10 de jun de 2010

Valorização dos atletas

Relatado por Alvaro, projeto que altera a Lei Pelé é aprovado no Senado

A Comissão de Constituição e Justiça e outras três comissões do Senado aprovaram, nesta quarta-feira (9), proposta que altera a Lei Pelé, criada em 1998. Relator do projeto, o senador Alvaro Dias (PR) ressaltou que as mudanças irão aperfeiçoar a legislação, ao garantir a valorização dos clubes formadores de jogadores, dos próprios profissionais do futebol, além de estimular os atletas a permanecerem por mais tempo no país. A matéria segue agora, para análise da Câmara.

Para garantir a aprovação do projeto, Alvaro retirou do texto da lei alguns pontos considerados polêmicos. Além disso, acrescentou nove emendas para adequar a legislação às necessidades atuais do futebol e de outros esportes. “A ideia é que a lei passe a garantir o retorno do investimento realizado pelos clubes formadores. Quem investir na formação de atletas e revelar talentos
tem que ser de alguma forma recompensado”, explicou.

O senador explicou que a aplicação da lei é urgente, já que jovens talentos saem cada vez mais cedo do Brasil, levados por empresários estrangeiros. Entre as emendas polêmicas retiradas do texto está a que concedia a ex-atletas, que tenham exercido a profissão durante determinado tempo, o direito de se tornarem monitores da respectiva modalidade. Segundo Alvaro, a intenção é valorizar o profissional de educação física e o diploma universitário.

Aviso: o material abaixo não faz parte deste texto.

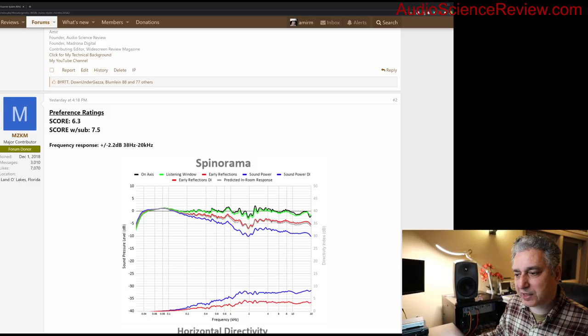Hopefully you got a good sense of how speaker measurements and listening tests are done at Audio Science Review. A text version of this review is available, along with 130 other speaker reviews. Hopefully you didn't fall asleep — see you in future episodes.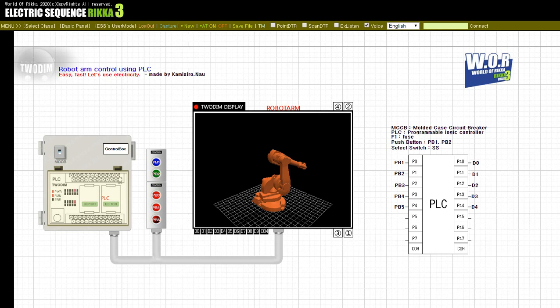Press the button, PB5. Release the button, PB5.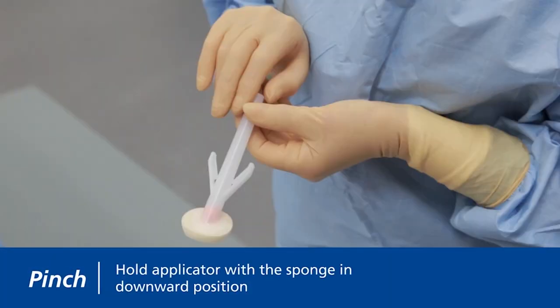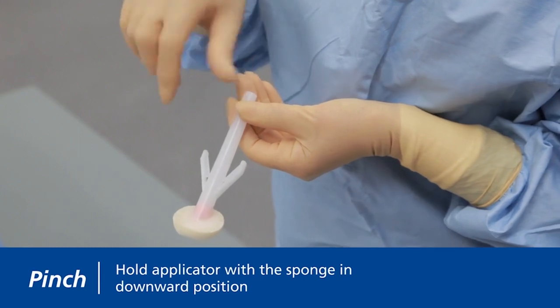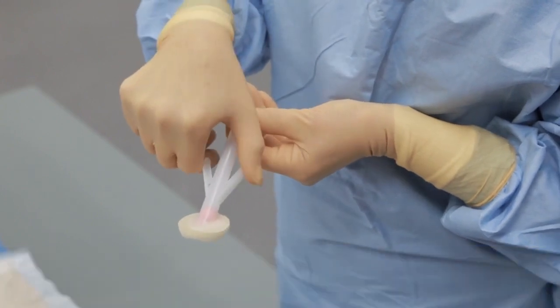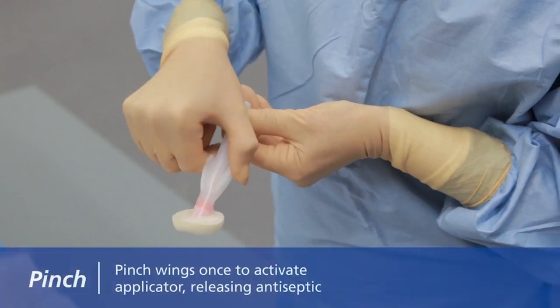Now, activate the applicator by holding it with the sponge in a downward position parallel to the ground and place the wings between your thumb and forefinger. This position allows the solution to properly load into the sponge upon activation. Pinch the wings once to activate the applicator. You will hear a pop as the ampule breaks.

O deputado Edson Aparecido (SP) elogiou o relatório do senador e ressaltou que o projeto deve ser aprovado na Câmara sem restrições. Aparecido enfatizou ainda que as alterações feitas na lei criam condições para que os atletas fiquem mais tempo no Brasil e possam ser valorizados por seus clubes.

Alterações
Pela nova proposta, o clube formador poderá reivindicar indenização de até 200 vezes o valor gasto na formação do novo atleta - desde que comprove seus gastos -, quando o atleta optar por outro clube em sua primeira contratação profissional.

Outra mudança substancial trazida pela proposta é proibir que os estádios e ginásios onde ocorram competições esportivas oficiais vendam mais ingressos do que a capacidade máxima da arena.

Leia aqui o parecer final do relator, Alvaro Dias

(Reportagem: Renata Guimarães / Foto: Eduardo Lacerda)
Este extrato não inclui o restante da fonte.